* Exercise description: When you reach the line below that has "Jake*s Slim Fit", start returning lines exactly, and stop after the line that has "Pets First NBA"; skip the pictures.

* Records for the exercise:
───
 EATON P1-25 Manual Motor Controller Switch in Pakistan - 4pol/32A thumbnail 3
───
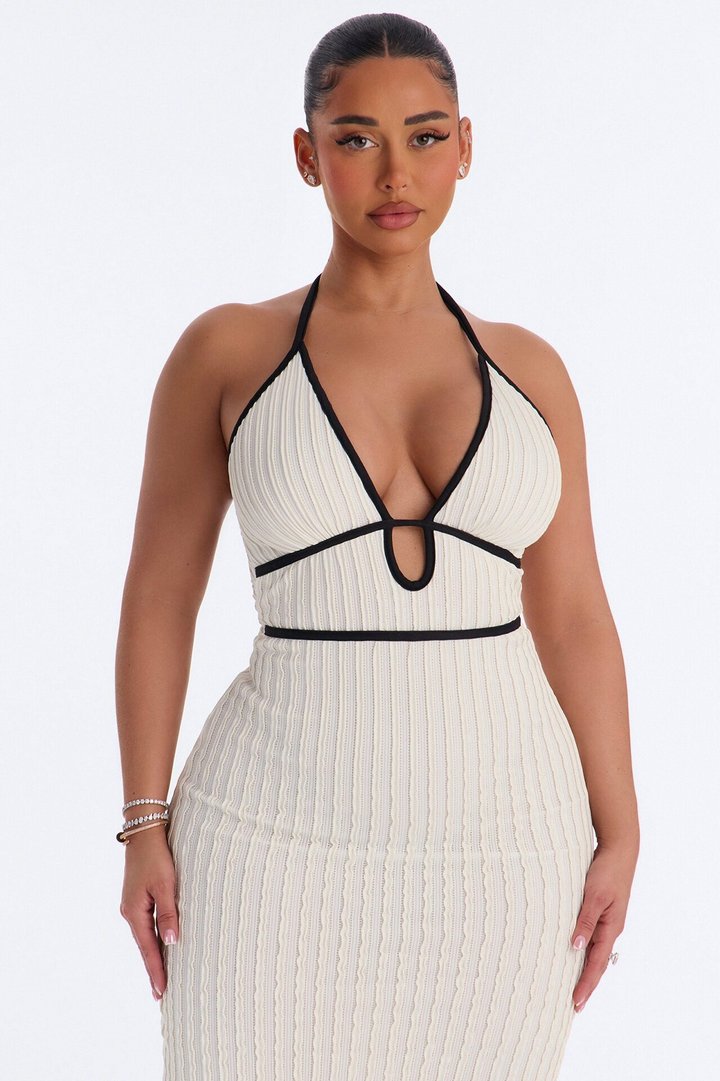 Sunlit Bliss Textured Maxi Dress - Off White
───
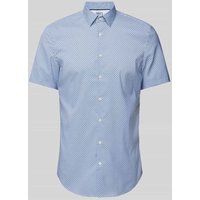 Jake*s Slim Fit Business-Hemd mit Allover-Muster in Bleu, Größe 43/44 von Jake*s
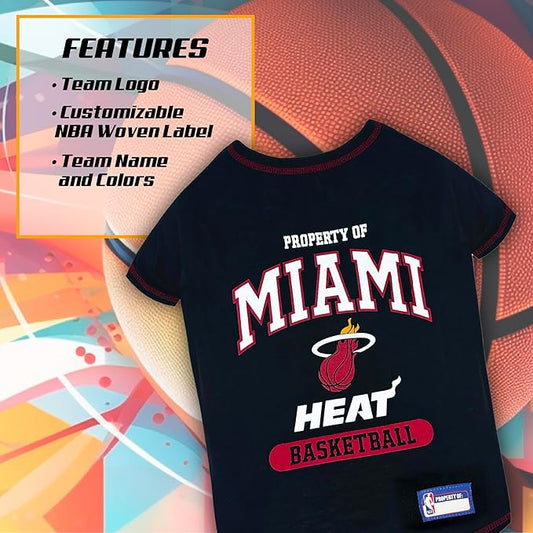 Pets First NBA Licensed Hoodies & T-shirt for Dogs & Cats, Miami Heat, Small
───
* Your response:
 Jake*s Slim Fit Business-Hemd mit Allover-Muster in Bleu, Größe 43/44 von Jake*s
 Pets First NBA Licensed Hoodies & T-shirt for Dogs & Cats, Miami Heat, Small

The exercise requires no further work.